Agents are gatekeepers, as are casting directors, directors (been there), producers, literary managers, executive and artistic directors, university admissions office staff, faculty members (guilty as charged), and so forth. It sometimes seems as if most books that are written about theater and film are about how to get a gatekeeper to work FOR you instead of against you; how to convince the gatekeepers to let you in. A Chorus Line is an entire musical about gatekeepers.
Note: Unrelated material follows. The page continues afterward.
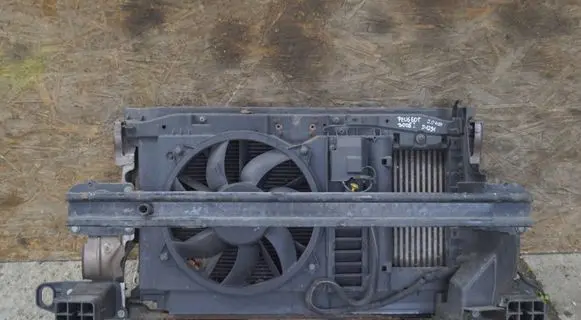 Peugeot 3008 I Radiator support slam panel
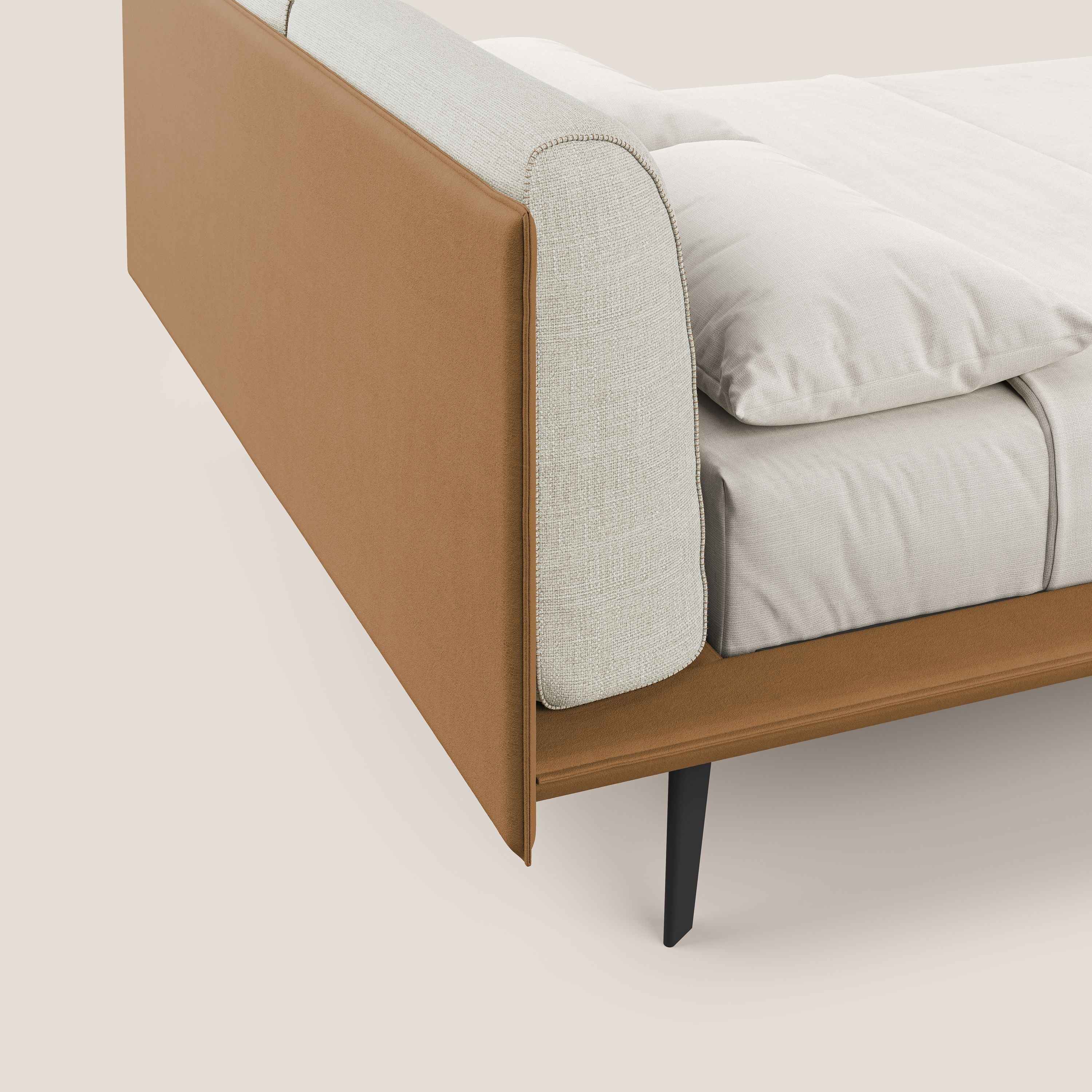 Il letto di design Petra di Letti.store è caratterizzato da una struttura imbottita bicolore impermeabile T11 cuoio e T06 panna, cuscini in piuma e gambe angolate in mogano per uno stile italiano raffinato e moderno dalle linee pulite e dalle texture morbide.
Gatekeepers operate from an attitude of scarcity: I have a certain number of students I can accept, plays I can schedule, roles I can fill, clients I can handle. And of course, there are way more people available than can be used. But like the rest of the US culture, the supply of people with talent is not evenly distributed. It tends to be concentrated in a few big cities that hoard the opportunities, and in that respect the geography of theater itself is a gatekeeper: some people simply can’t afford to move to one of these cities. I want to be clear: there’s nothing intrinsically nefarious about this. Gatekeepers are not villains—some are, but most aren’t. Rather, they operate in a system where there is vastly more supply of talent than demand for it.
But the effects of gatekeepers can be problematic. Their individual preferences, conscious or unconscious, necessarily lead to certain choices, and when those choices are shared by many other gatekeepers, the result is homogeneity and safety. This safety is magnified when there is a great deal of money at stake. Still, we have become too sanguine of gatekeepers in theater.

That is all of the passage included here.